Sepanjang semester I Tahun 2023 pada lingkup KKP Kelas II Pontianak, telah dilakukan tindakan sanitasi terhadap 6 kapal untuk mengendalikan keberadaan serangga dan binatang pembawa penyakit pada kapal. Kecoa menempati urutan teratas sebagai serangga yang banyak ditemukan pasca tindakan sanitasi kapal baik pada jenis Blatella germanica maupun Periplaneta americana dengan jumlah tertinggi sebanyak > 250 ekor dan terendah < 50 ekor. Keberadaan tikus ditemukan pada 2 dari 6 kapal yang dilakukan tindakan sanitasi masing-masing sebanyak 9 ekor dan 11 ekor. 

Dampak dari keberadaan kecoa dan tikus pada kapal yaitu tinggi potensi untuk terjadinya penyakit tular vektor seperti diare, salmonella, dan leptospirosis. Pada sebuah penelitian di Pelabuhan Bau-Bau, Sebanyak 95% dari 42 kecoa yang di-sampling pada baik pada kapal penumpang atau barang yang sandar di Pelabuhan tersebut dinyatakan positif bakteri Salmonella sp.
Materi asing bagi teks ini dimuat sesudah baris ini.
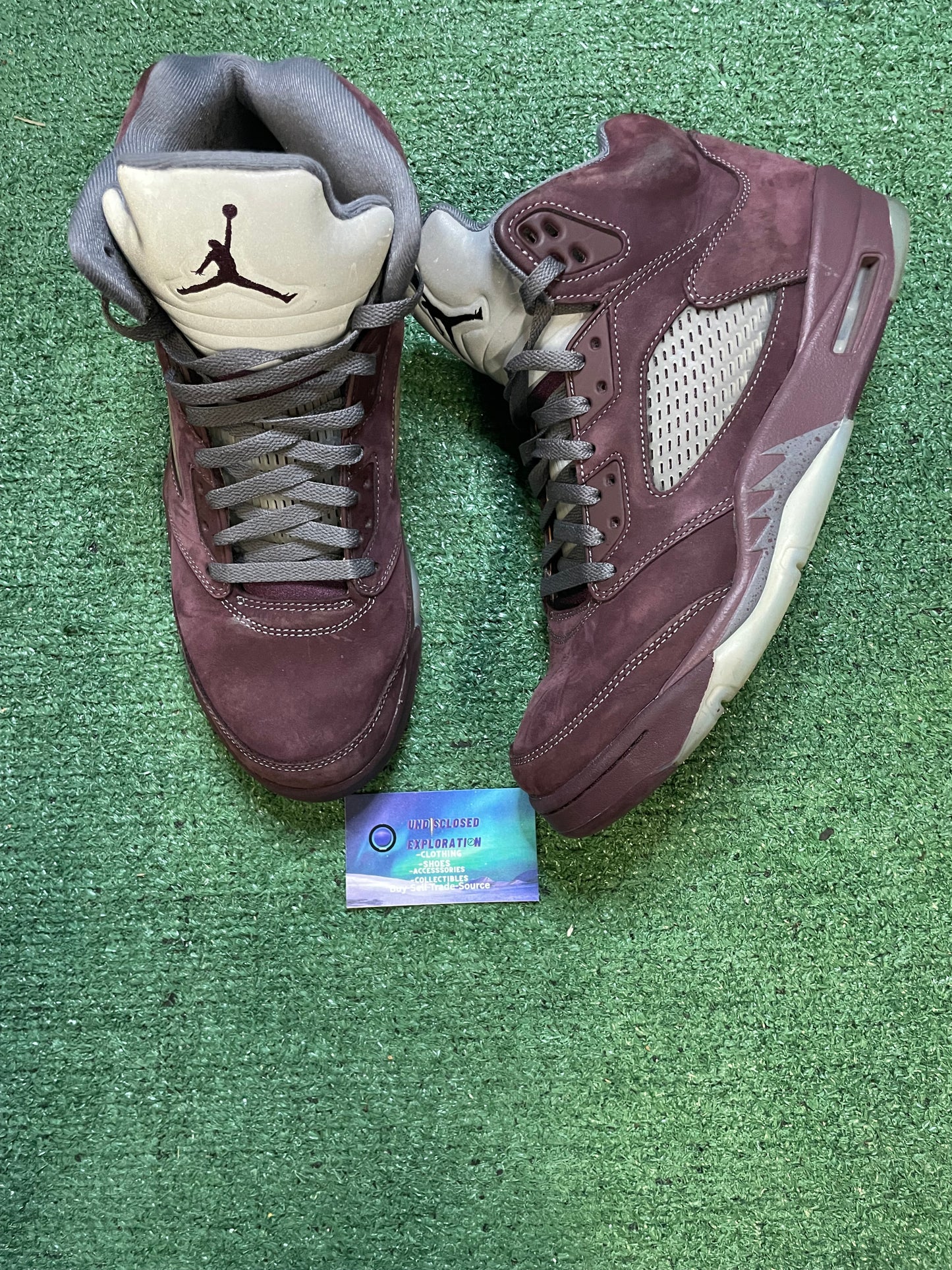 Air Jordan 5 burgundy size 11men/12.5women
Untuk tikus, selain kemampuan merusak melalui gigitannya, urin dan pinjal yang berasal dan terbawa tikus dapat menyebabkan Leptospirosis dan Pes. Setiap bahan atau makanan yang sudah terkontaminasi oleh kecoa ataupun tikus lebih baik tidak dikonsumsi untuk mencegah kesakitan saat dikapal.
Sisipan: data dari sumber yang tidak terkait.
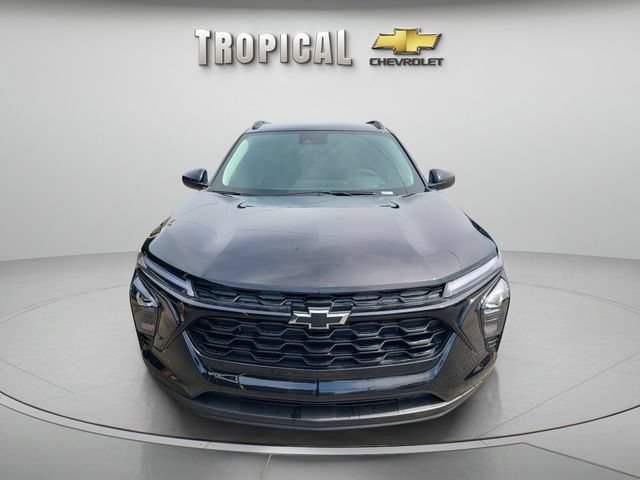 New 2026 Chevrolet Trax LT w/ Midnight Edition FWD image 8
Keberadaan Kecoa dan Tikus dapat dikendalikan dengan mudah sepanjang pengawasan terhadap jalur masuknya selalu diawasi dengan ketat, mulai dari memeriksa setiap bahan makanan yang akan masuk kedalam kapal atau pun dengan memasang perangkap. Pada buku terbitan WHO berjudul “Handbook for Inspection of Ships and Issuance of  Ship Sanitation Certificates” terdapat saran untuk pengawasan dan pengendalian seperti:


Sebuah Konsultan Maritim membuat panduan Manajemen Vektor Terintegrasi (Integrated Vector Management), yang sejalan dengan saran WHO diatas, inspeksi pasca penerimaan atau belanja barang sangat diperlukan untuk mecegah masuknya vektor dan binatang pembawa penyakit. Penggunaan perangkap kecoa, gel kecoa, aerosol ataupun residual spray juga sangat disarankan untuk mengendalikan kecoa yang telurnya menetas tiap 20 s.d 40 hari dan menghasilkan 30 s.d 40 ekor anak kecoa. Perangkap tikus, umpan tikus, dan lem tikus juga disarankan untuk mengendalikan keberadaan tikus dalam kapal yang tentunya harus disertai dengan upaya-upaya untuk mencegah tikus naik ke kapal atau masuk keruang kapal bahkan kedalam plafond kapal. Selain itu, melakukan rotasi penggunaan insektisida ataupun rodentisida dapat mencegah terjadinya resistensi pada serangga atau binatang pembawa penyakit yang ada pada kapal.